Orange Blossom took a few steps toward the kitchen and looked back to see if she were coming. Erin laughed.
“Uh-huh. I should have known. It’s a good thing you don’t have fingers, or I’d never be able to get you to do anything.”
She followed him into the kitchen and after turning on the light, grabbed the treat can from the pantry. She picked out a few treats and sent them sliding across the floor, laughing at Orange Blossom skittering after them on the polished floor. She heard K9’s almost-ultrasonic whine and, when Orange Blossom was finished his treat, she let Terry’s furry partner out of his kennel. He waited politely for a doggie biscuit and lay down with it between his front paws as he gnawed on it. Marshmallow lolloped in on almost-silent feet, then kicked the cupboard with a hind foot to make sure she knew he was there and waiting for his treat too. Erin gave him a carrot from the fridge, which he started to gnaw on loudly.

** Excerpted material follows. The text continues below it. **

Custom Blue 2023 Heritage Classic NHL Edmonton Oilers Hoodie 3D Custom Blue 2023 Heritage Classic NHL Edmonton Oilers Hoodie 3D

Erin put on the coffee and sat down with a notepad to plan out her day. She was still getting used to the idea of having days off like a normal person. The extra money she had made from wild ginseng meant that she could afford to hire a couple of workers to cover the Saturday shifts and some afternoon shifts during the week so that neither she nor Vic would have to work long hours six days a week. The short Sunday shift for the ladies’ tea didn’t really count, since all of them, even Charley, took turns at that.

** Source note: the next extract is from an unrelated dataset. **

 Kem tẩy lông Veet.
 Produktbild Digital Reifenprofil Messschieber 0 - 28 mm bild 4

Erin had a hard time turning off her business owner’s mind on days off. There were promotions and advertising to plan, experimenting with new gluten-free recipes for the bakery, and working out employee shifts for the coming weeks. She tried to schedule time for herself as well, reading Clementine’s old journals and thick family history books and files and spending time with Terry and her friends, rather than letting her time fill up with housework and errands.
By the time the coffee was ready, she had several rough lists going. K9 had finished eating his biscuit and was lying companionably beside her, while Orange Blossom was glaring at his rival from across the room, washing his face and pouting. Marshmallow nibbled delicately on what remained of his carrot, watching Erin with one eye.